Textual data is an important source of non-numerical data. Examples include news articles, social media posts, transcripts of management presentations and corporate reports. Until recently, usage of such text sources in analysis required human intervention to code attributes into numerical form – a slow and tedious process. Nowadays, due to advances in natural language processing (NLP) and the immense growth in computing power, text mining techniques can be used to systematically analyze vast amounts of text data.

Academics as well as practitioners have started analyzing text data for the purpose of predicting the risks and returns of stocks and bonds.
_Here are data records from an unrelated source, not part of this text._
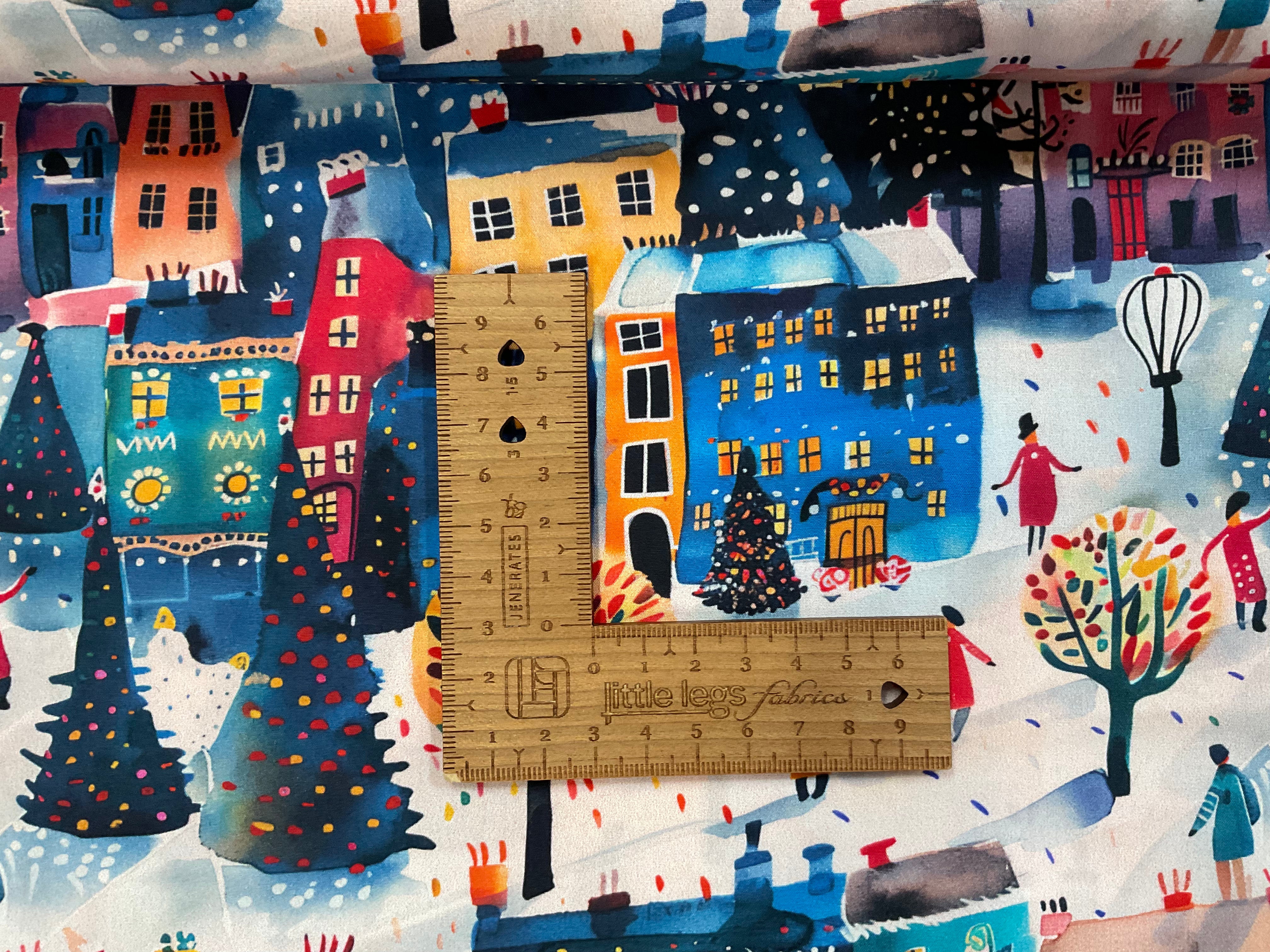 Village at Christmas Organic Cotton Poplin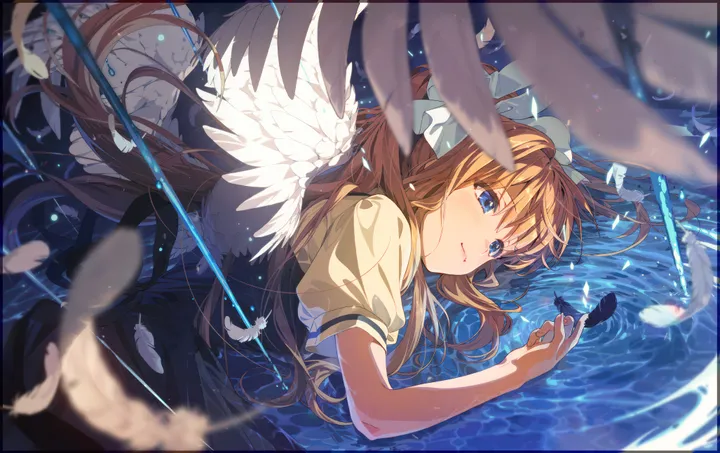 1girl,ribbon,on_side,bangs,solo,closed_mouth,hair_ribbon,very_long_hair,depth_of_field,school_uniform,horizontal,water,white_feathers,white_wings,short_sleeves,smile,feathers,feathered_wings,wings,blue_eyes,puffy_short_sleeves,puffy_sleeves,lying,dress,blonde_hair,long_hair,ponytail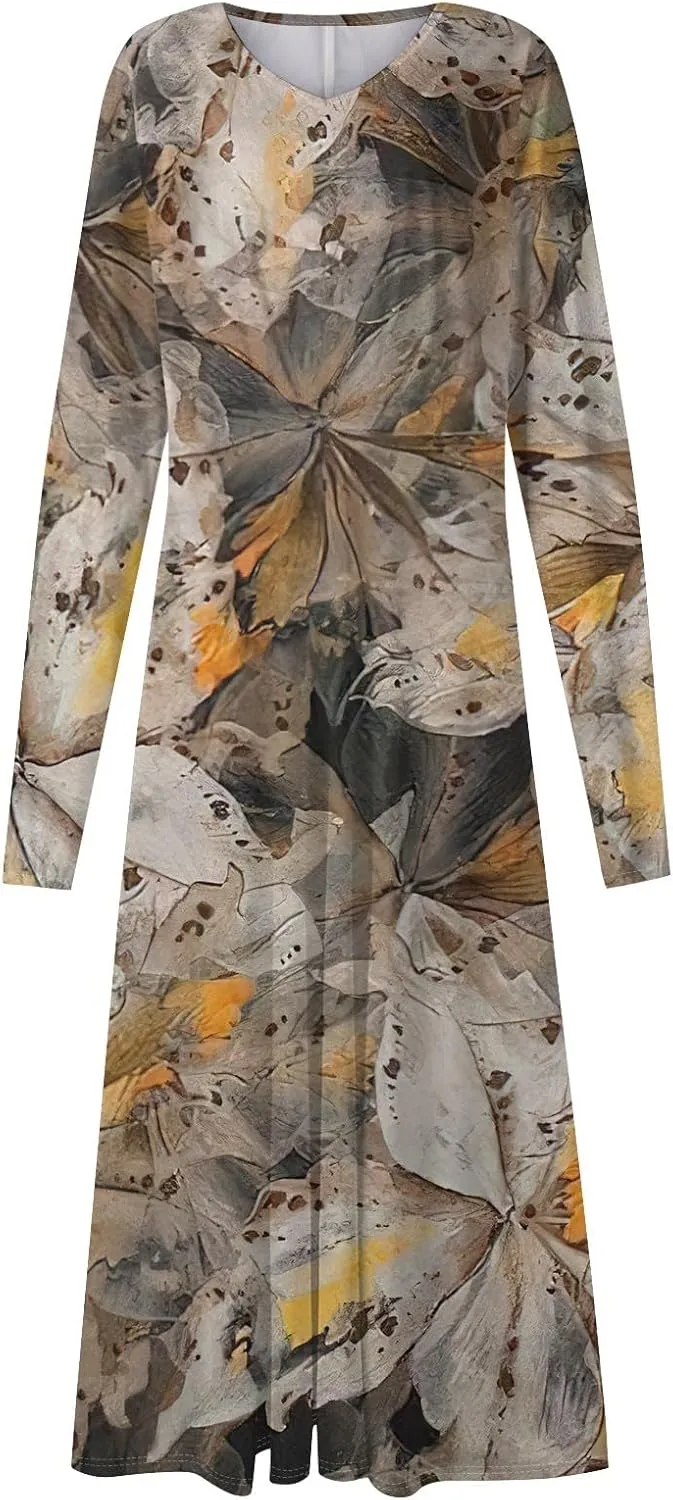 Womens Fall Dresses Long Sleeve V Neck Floral Print Wrap Maxi Dress Ruffle A-Line Flowy Long Dresses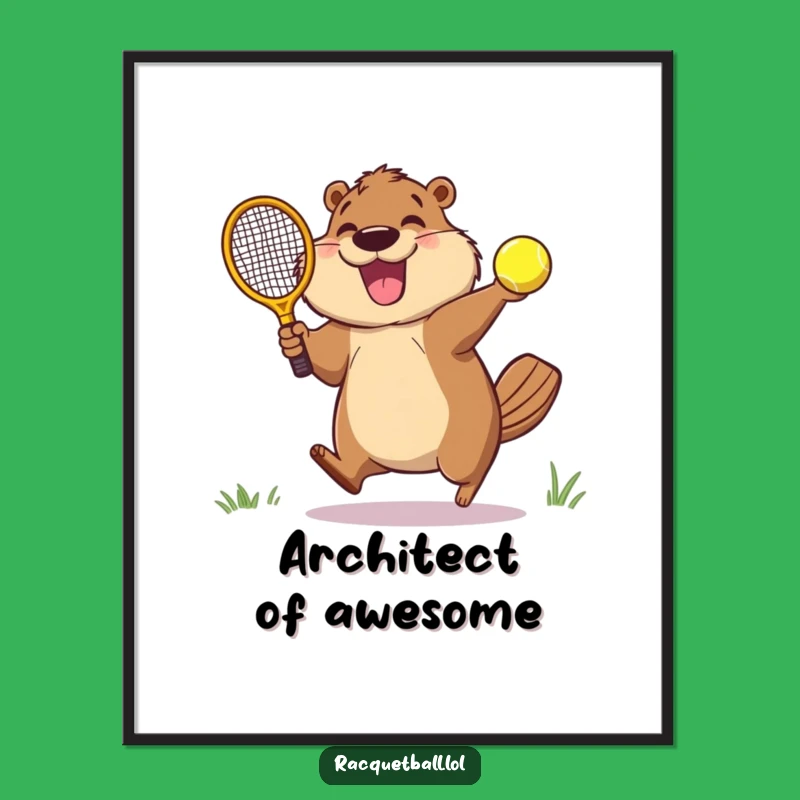 Funny Beaver Racquetball Digital Art: Instant Laughs for Your Walls, Sports Fan Art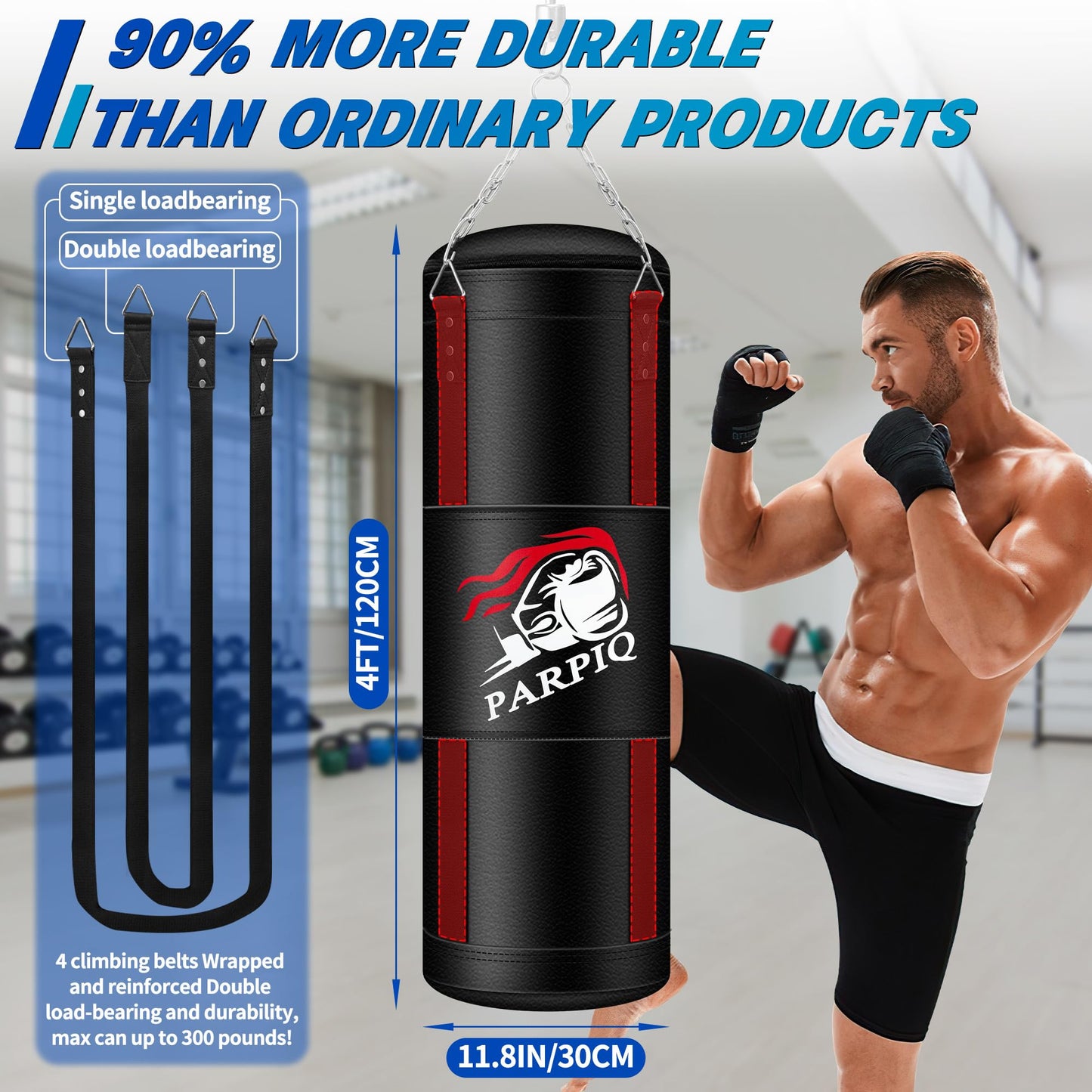 4FT Hanging Punching Bag for Adults, New Upgrade Heavy Unfilled PU Boxing Bag Set with 12oz Boxing Gloves, Punch Bag for MMA Karate Kickboxing Muay Thai Training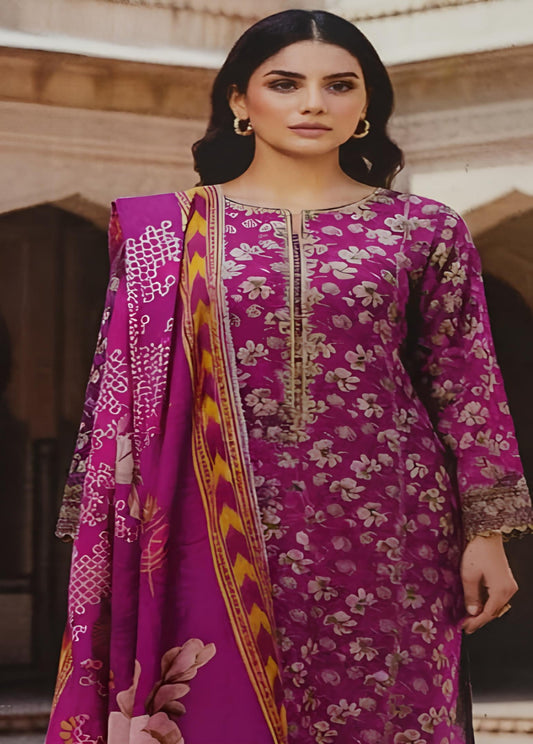 Dazzling Magenta Floral Printed Lawn Suit – 3 Piece Stitched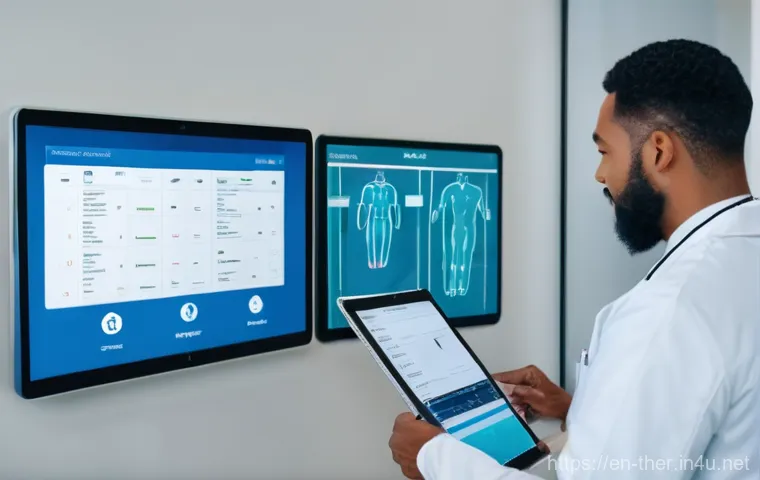 물리치료사의 업무 기록 관리 - **Prompt:** A diverse group of healthcare professionals, including physical therapists and administr...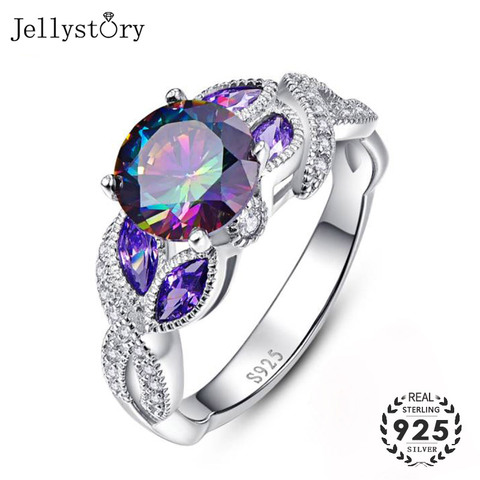 Jellystory anillo de Plata a la moda 925 con 8*8mm en forma de Ronda Topacio piedras preciosas de circonio para las mujeres, anillo de boda regalos venta al por mayor ► Foto 1/6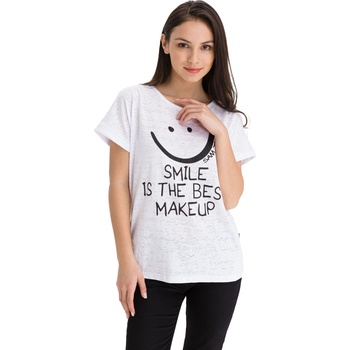 Sam 73 Бяла дамска тениска с щампа SAM 73 Sam 73 | Byal | ЖЕНИ | XS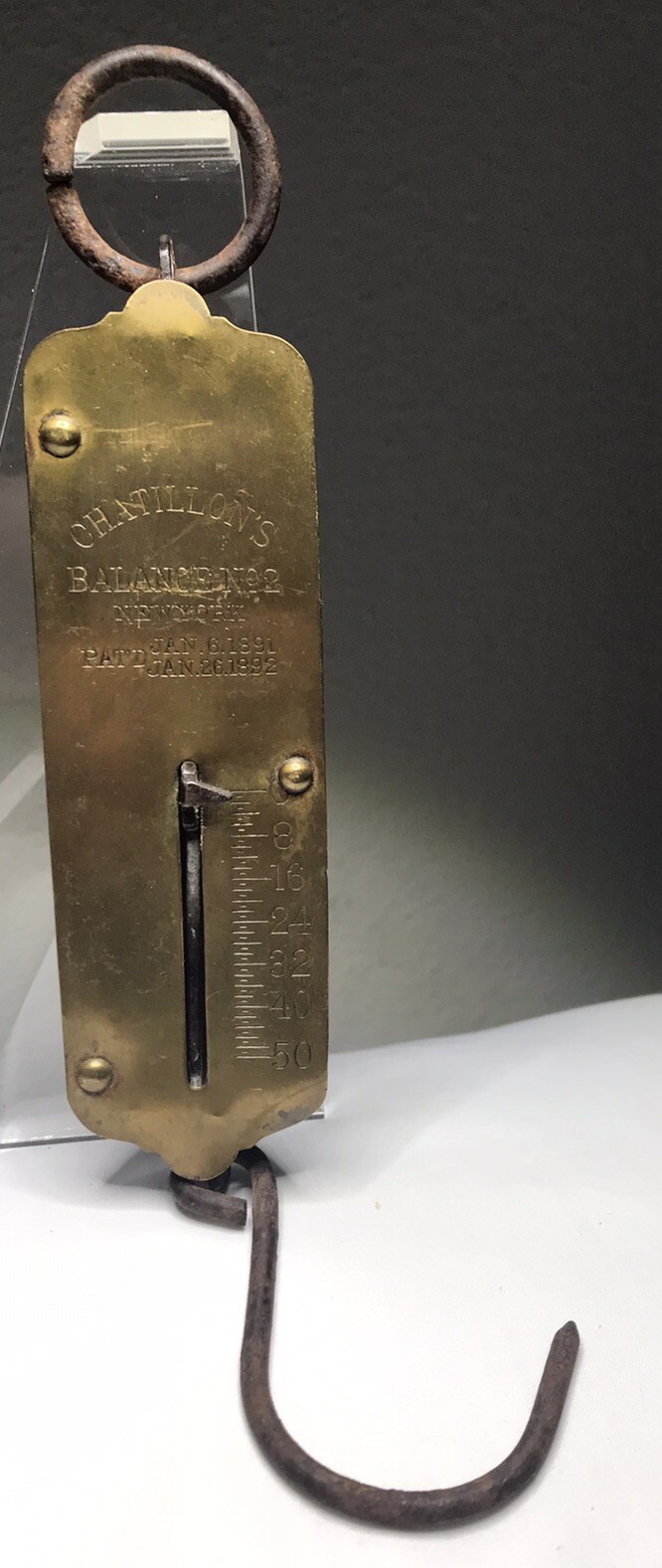 Antique Chatillon’s Spring Balance Brass Face Hanging Scale #2 ~ 50 Pounds USA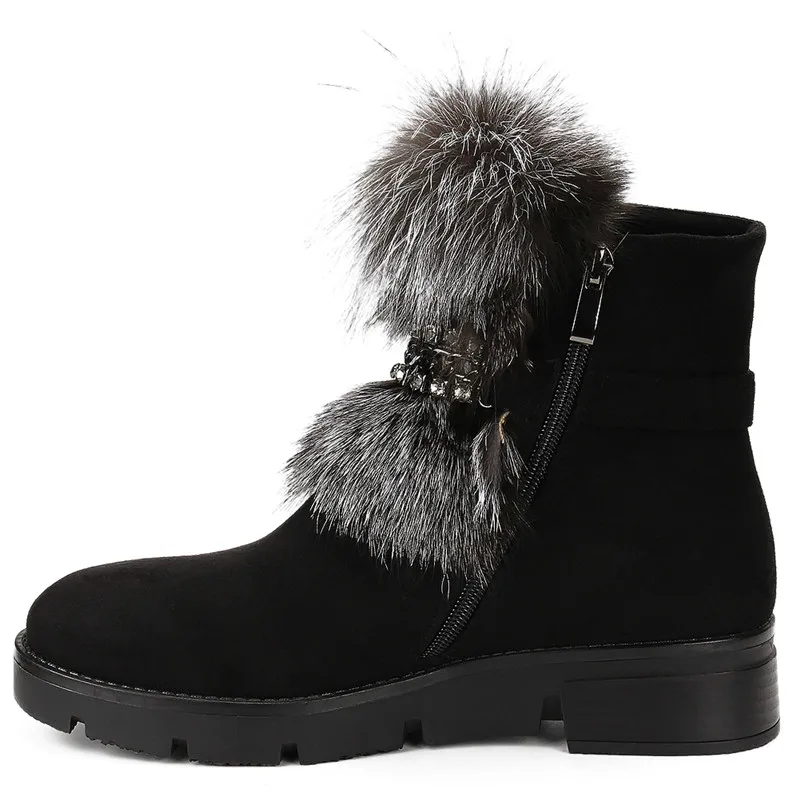 Ajouter Noir 36 Bottes 2019 D'hiver Solide Doratasia Nouveautés Zip De Bottines Gros Up Femmes Grande Fourrure Taille 41 Femme Chaussures QCBoexEdrW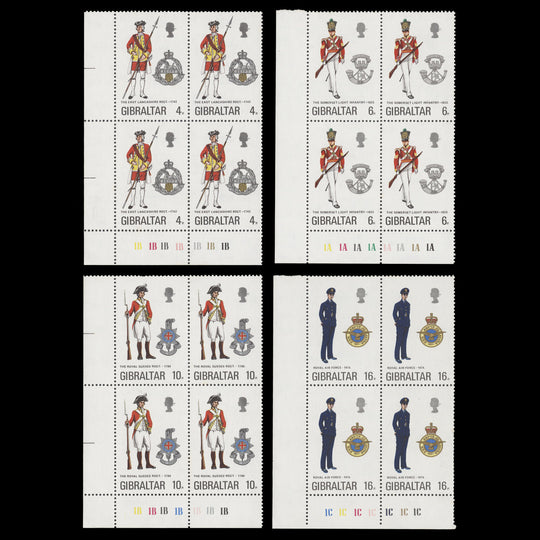Gibraltar 1974 (MNH) Military Uniforms plate blocks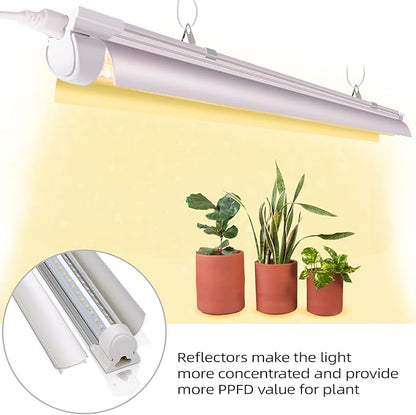 (Pack of 8) LED Grow Lights, 4FT T8 Grow Lights, 336W(8×42W) Full Spectrum LED Grow Light Strips with Reflectors, High PPFD Value LED Grow Lights for Seed Starting
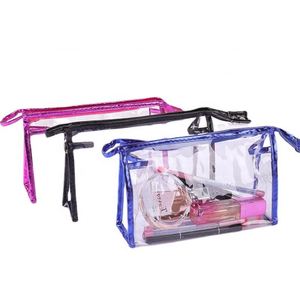 Custom Logo PVC Cosmetic <b>Bag</b> <b>Transparent</b> Waterproof Zipper Closure PVC <b>Makeup</b> <b>Bag</b> Customization - Product Image 4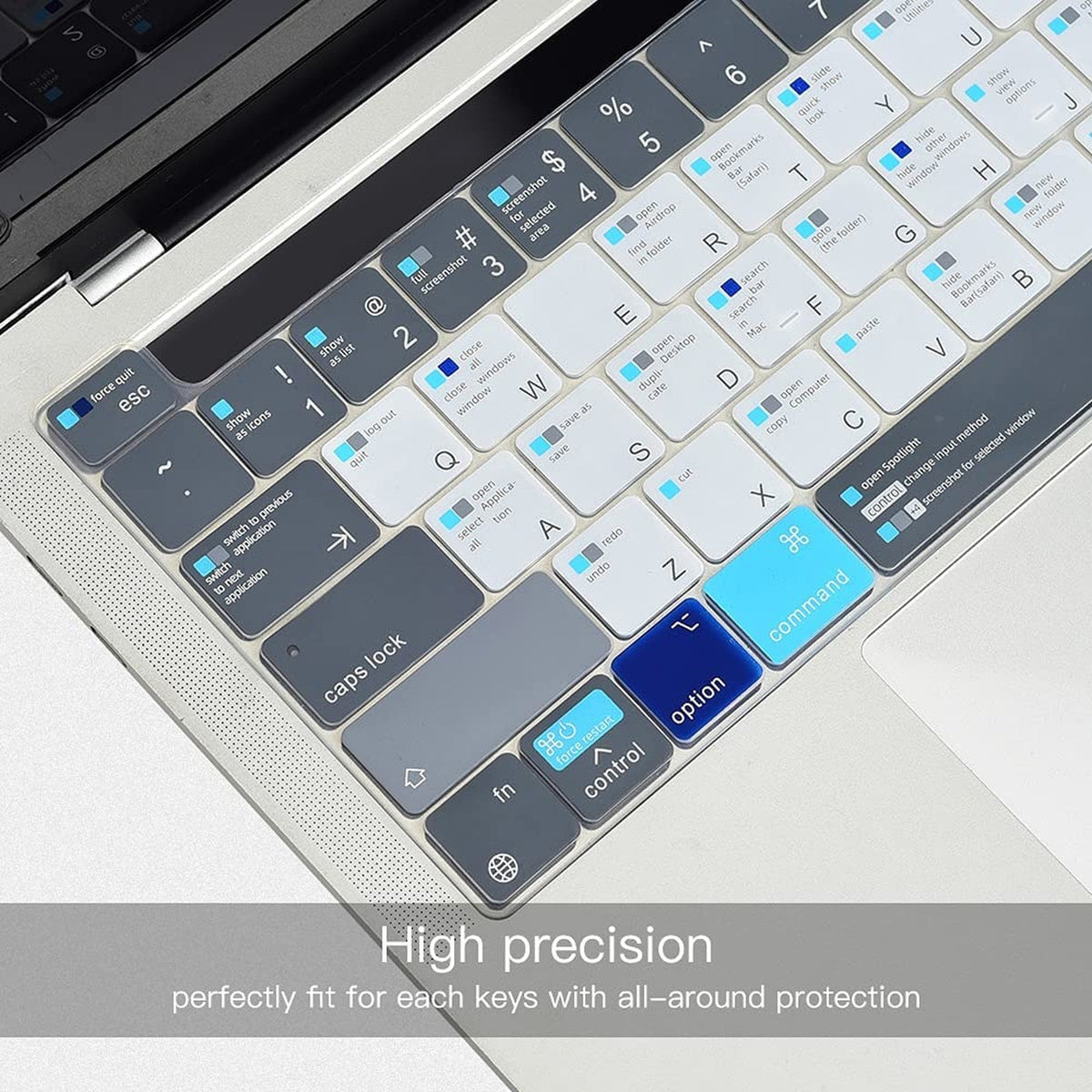MacBook Pro 13 Keyboard Cover Skin with Shortcuts for 2024 M2 & M1 Models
One strand of research investigates the information content of corporate reports filed by publicly listed companies in the US with the Securities and Exchange Commission (SEC). Of these SEC filings, most attention is directed towards the annual (Form 10-K) and quarterly (Form 10-Q) reports. The reports are very extensive, owing to laws and regulations that prohibit companies from making materially false or misleading statements, and from omitting material information that would render disclosures misleading. Along with the numerical data from the financial statements, these filings contain large volumes of unstructured textual information.

The information in 10-Ks and 10-Qs should enable any investor to fully understand the state of a company. In practice, however, valuable information in these reports is easily overlooked, because of the daunting challenge of reading and grasping many pages of formal and often very technical text.3 These reports therefore provide an attractive avenue of research for the application of computer-based text analysis.

Data collection and pre-processing

We obtain all 10-Ks and 10-Qs of publicly listed US issuers of corporate bonds in the Bloomberg US Corporate Investment Grade and High Yield ex. Financials indices. The sample covers the period from 1994 to 2017 and contains a total of 212,400 filings, of which 57,952 are 10-Ks and 154,448 10-Qs.

Figure 1 | Filing size

Source: Robeco, EDGAR. Sample period 1994-2017.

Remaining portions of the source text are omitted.